Kuba zmierzył mnie wzrokiem i powiedział ,że wyglądam idealnie i nie muszę się odchudzać. Zaśmiałam się i powiedziałam ,że nie o to chodzi... Poprostu nie mam humoru.
Chłopak odłożył talerz po czym przysunął się bliżej. Włączył telefon i zaczął pokazywać zdjęcia z siłowni opowiadając o tym. Był bardzo rozmowny i prawie co chwilę zmieniał temat. Nagle zapytał :

-Co powiesz ,żebyśmy wieczorem poszli na plażę?

-Ale...Jest cisza nocna a ja mam chłopaka i...

-Ale pójdziemy z Sebkiem i chłopakami. Kiedy będzie ciemno i wychowawcy nie zobaczą.

-No nie wiem...

-No zgódź się. Dzisiaj w nocy będą spadające gwiazdy. To nie zdaża się codziennie. Proszeee....
 
  Wprawdzie kompletnie nie miałam na to ochoty ale stwierdziłam ,że skoro idzie Sebastian to na pewno będe się dobrze bawić i będę bezpieczna.

-Niech ci będzie...-wymamrotałam.

-Super!- wykrzyknął chłopak ,ciesząc się jak dziecko. Wstał okręcił się kilka razy po czym powiedział ,żebym o 22.30 wyszła przed swój domek ,po czym mnie przytulił i wyszedł.
No Mia...ale sie wkopałaś. Po jakichś 40 minutach do pokoju weszły dziewczyny i mimo przysięgania ,że nie zasną całą noc , po 10 minutach wszystkie już chrapały.

Dobra 22.25. Założyłam bluzę i klapki po czym wyszłam z pokoju. Kuba już tam czekał. Po 2 minutach dołączyła reszta chłopaków. Cicho przeszliśmy koło domku wychowawców i pobiegliśmy na plażę. Usiadłam nad brzegiem i bawiłam się piaskiem a w tym czasie Sebastian ,Daniel i Mateusz zajęli się rozpalaniem lampiona. W pewnym momencie zaczęło mocno wiać i lampion wyrwał się chłopakom z rąk i zaczął się toczyć po plaży. Chłopcy rzucili się za nim, a ja tylko patrzyłam na to roześmiana. Po kilku minutach wróciłam do patrzenia na fale. Nagle Kuba usiadł obok mnie. Wiatr przybierał na sile i robiło się bardzo zimno przez co zazmczęłam trzeć ramiona ,żeby się ogrzać. Kiedy Kuba to zobaczył, zdjął bluzę i okrył mnie nią. Odwróciłam się w jego stronę i uśmiechnęłam co chłopak odwzajemnił.
Siedzieliśmy w ciszy ,którą nagle przerwał jego głos:

-Mia...Jesteś piękna...

Spojrzałam na niego zaskoczona.

-Dzięki Kuba ale ja... dobrze wiesz ,że jestem z Sebkiem...-Chłopak obejrzał się. -Coś mi się zdaje ,że jego tu nie ma...

Zaczął się do mnie zbliżać chcąc  mnie pocałować. Szybko podniosłam się i zaczęłam cofać. Kuba też wstał i zaczął iść w moją stronę. Na moje nieszczęście było już tak ciemno ,że nie zauważyłam gałęzi pod nogami i przewróciłam się lądując na plecach. Kuba podał mi rękę i pomógł wstać.

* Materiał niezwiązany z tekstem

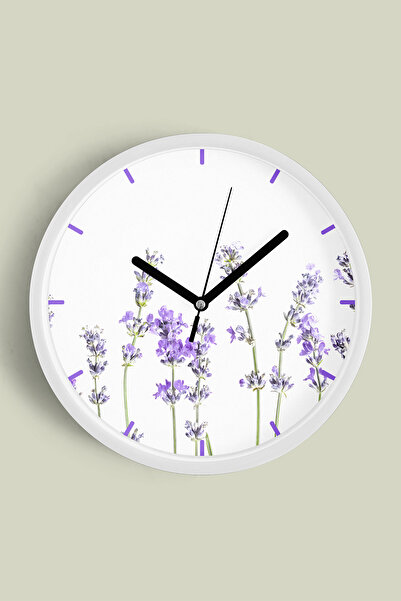 JHAAR Ceas de perete modern cu flori de lavandă - 35cm - Carcasă albă cu stic...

-Kuba proszę daj spokój...-wyszeptałam.

Jednak on mnie nie słuchał. Złapał w pasie i niemal błyskawicznie złączył nasze usta w namiętnym pocałunku. Próbowałam się wyrwać z jego uścisku ale nic z tego. Nagle poczułam ,że Sebastian nas od siebie oddziela. Rzucił się na Kubę i zaczął okładać pięścimi. Mateusz podbiegł do nich i oddzielił od siebie.

-Co ty wyprawiasz Sebek?!-wykrzyknął.

-Spiorę cie zobaczysz...-zagroził Sebastian. Potem dotknął rozciętęj wargi. Pewnie Kuba zbyt mocno uderzył. Podeszłam do Sebastiana chcąc pomóc mu z raną ,ale on tylko spojrzał na mnie z wyrzutem i odepchnął ręką.

-Stary co ty odwalasz ?!-wykrzyczał do niego Daniel osłaniając mnie.
Sebastian spojrzał tylko na nas wściekły i powiedział ,żebyśmy dali mu spokój. Daniel próbował mnie powstrzymać ale ja wyrwałam się i podbiegłam do Sebka.

-To nie tak jak myślisz ja...-zaczęłam.
Chłopam jednak przerwał mi i powiedział :

-Zawiodłem się na tobie Mia... Myślałem ,że jesteś inna. To koniec Księżniczko...

Do oczu napłynęły mi łzy. Stałam w miejscu patrząc jak Sebastian odchodzi. Po chwili Daniel i Mateusz podeszli po mnie. Opadłam na kolana i zalałam się łzami.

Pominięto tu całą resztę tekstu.